### Given information
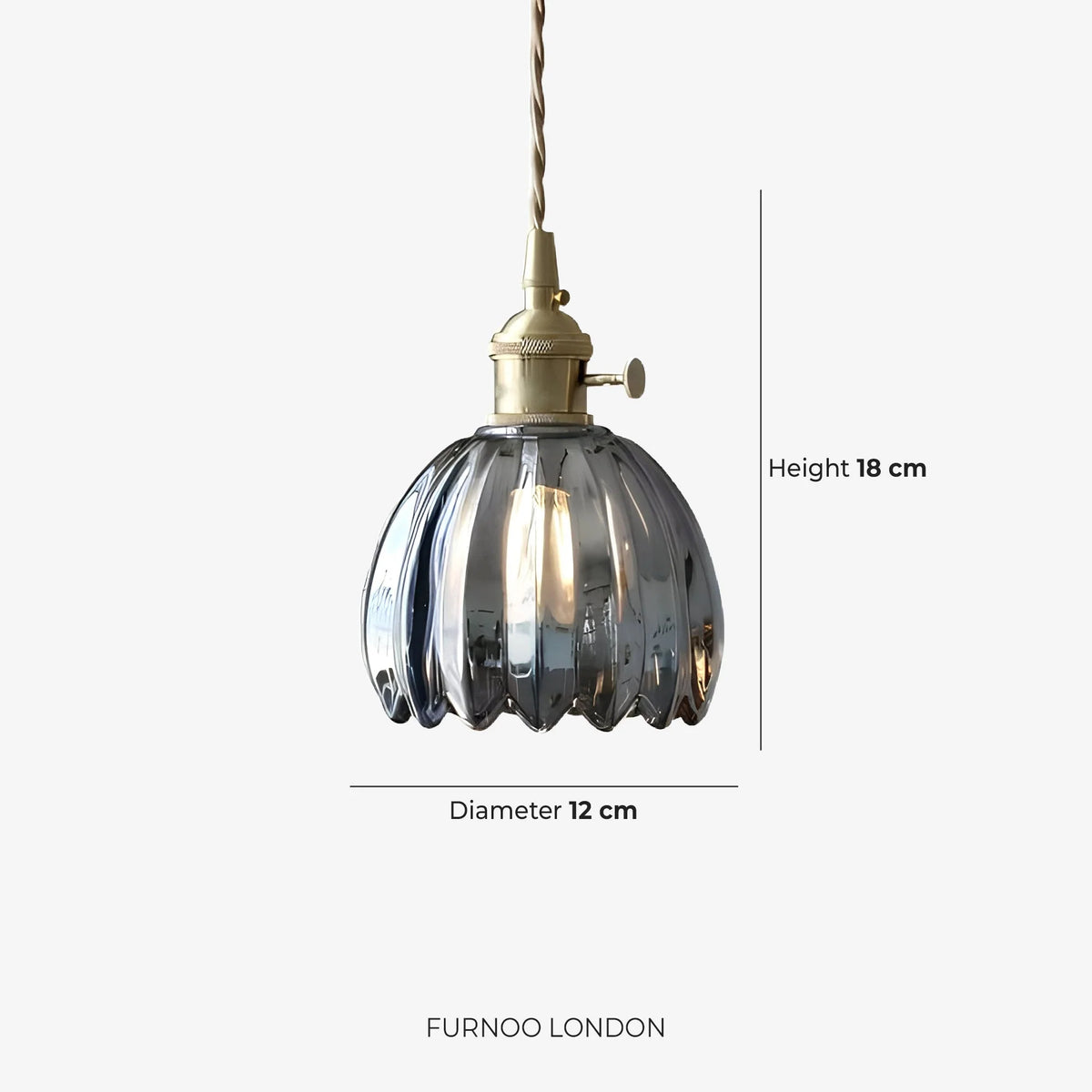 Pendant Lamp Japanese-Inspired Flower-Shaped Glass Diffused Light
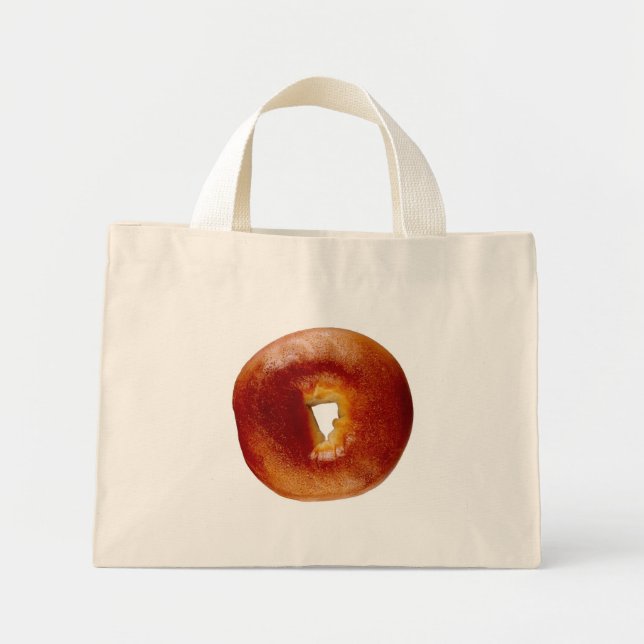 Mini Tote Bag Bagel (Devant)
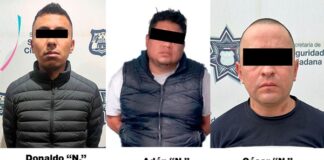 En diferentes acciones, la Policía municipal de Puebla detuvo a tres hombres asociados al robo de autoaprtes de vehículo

### Exercise prompt
Copy the material above exactly and drop the pictures.

### Answer to this exercise
 Pendant Lamp Japanese-Inspired Flower-Shaped Glass Diffused Light
 Mini Tote Bag Bagel (Devant)
 En diferentes acciones, la Policía municipal de Puebla detuvo a tres hombres asociados al robo de autoaprtes de vehículo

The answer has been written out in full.